# Input records:
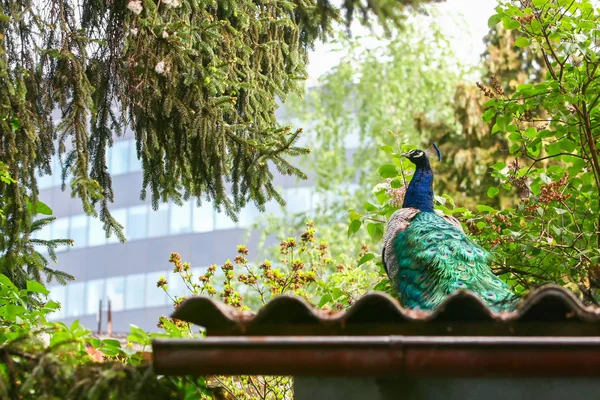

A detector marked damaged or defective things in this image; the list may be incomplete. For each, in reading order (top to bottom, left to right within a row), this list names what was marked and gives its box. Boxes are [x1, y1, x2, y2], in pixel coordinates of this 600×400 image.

rusty roof edge [169, 284, 600, 328]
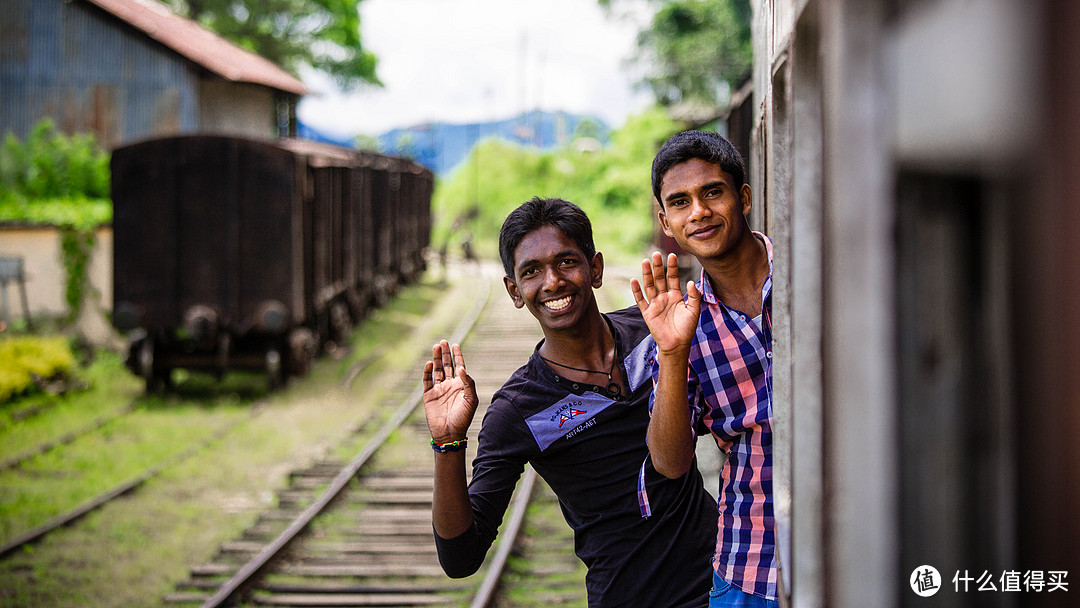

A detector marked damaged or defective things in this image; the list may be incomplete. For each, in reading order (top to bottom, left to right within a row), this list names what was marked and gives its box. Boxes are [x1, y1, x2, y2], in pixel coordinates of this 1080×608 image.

rusty boxcar [110, 134, 429, 390]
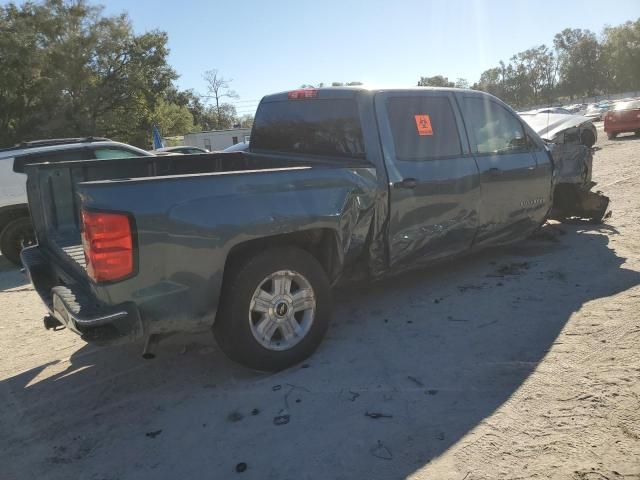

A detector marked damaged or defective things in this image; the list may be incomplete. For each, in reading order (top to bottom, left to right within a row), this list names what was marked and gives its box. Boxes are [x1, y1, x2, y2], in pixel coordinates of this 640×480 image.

damaged chevrolet silverado [21, 87, 608, 372]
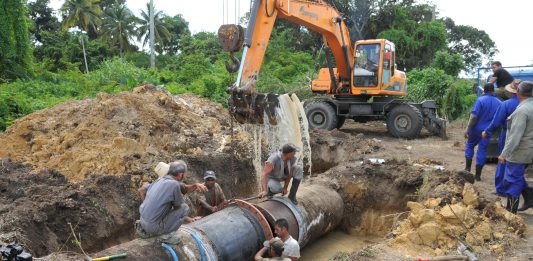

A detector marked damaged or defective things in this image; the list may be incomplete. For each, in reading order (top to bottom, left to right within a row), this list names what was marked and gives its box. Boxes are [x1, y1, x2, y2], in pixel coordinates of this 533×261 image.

pipe surface rust [92, 184, 342, 258]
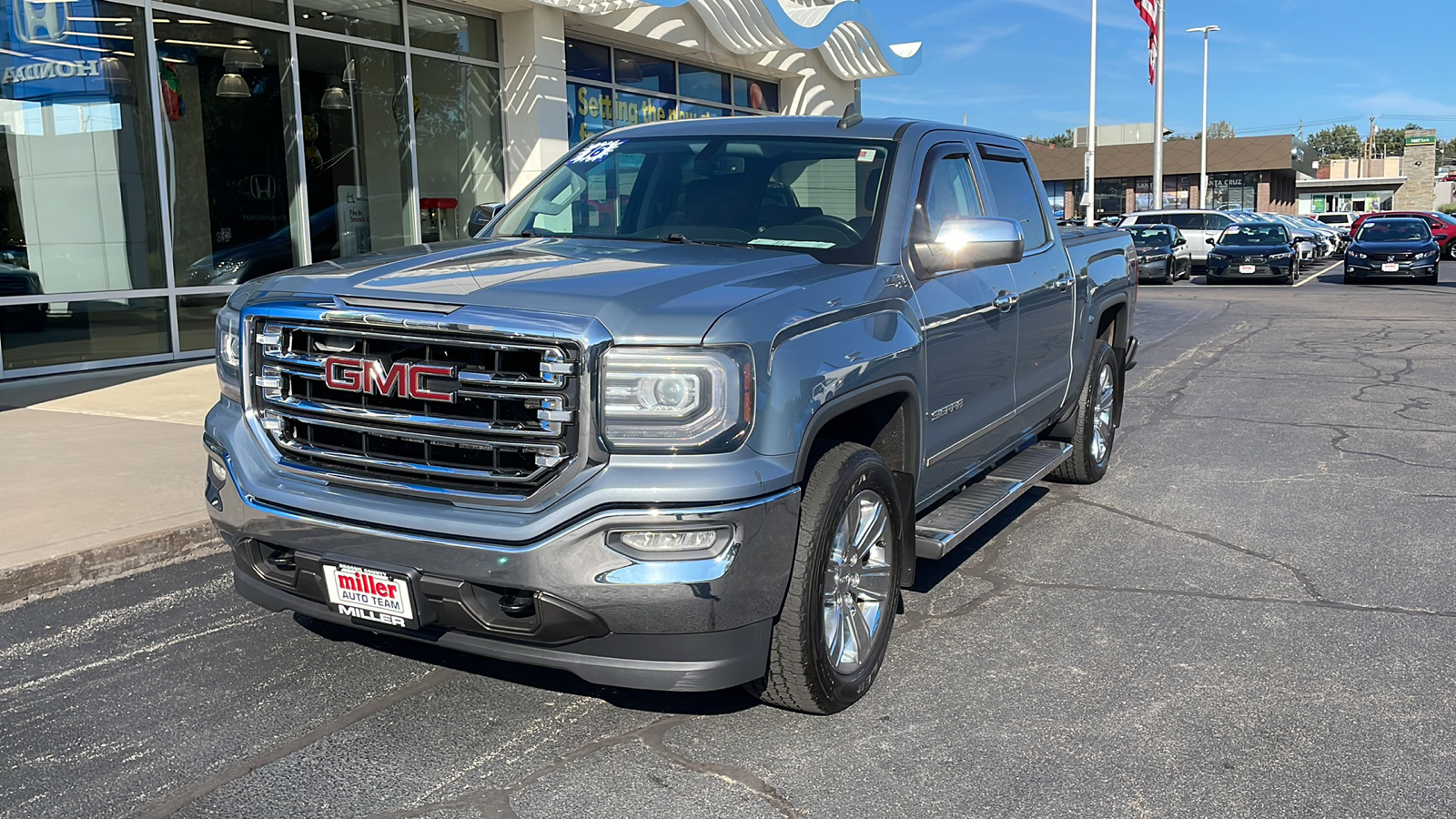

# What to do:
This exercise calls for the records to be given again exactly, without the images.

# Output of the task:
A detector marked damaged or defective things in this image; the list may be incomplete. For each, in reading order (top to bottom, left to right within a row), this list names what was marked and gives its box. Boxes are [x1, y1, x2, y2], in pixel coordinates of this 600×400 image.

rusty roof edge [169, 284, 600, 328]

A detector marked damaged or defective things in this image; the list may be incomplete. For each, in reading order (top to bottom, left to right within a row), this list names what was marked and gives its box. Boxes are [x1, y1, x2, y2], in pixel coordinates of this 1080×608 image.

rusty boxcar [110, 134, 429, 390]

A detector marked damaged or defective things in this image; the list may be incomplete. For each, in reading order (top to bottom, left to right within a row), this list names what was marked and gives its box. Boxes are [x1, y1, x2, y2], in pixel coordinates of this 640×480 image.

damaged chevrolet silverado [21, 87, 608, 372]

A detector marked damaged or defective things in this image; the list may be incomplete. For each, in reading order (top to bottom, left to right within a row), this list names what was marked and gives its box. Boxes are [x1, y1, x2, y2], in pixel coordinates of this 533×261 image.

pipe surface rust [92, 184, 342, 258]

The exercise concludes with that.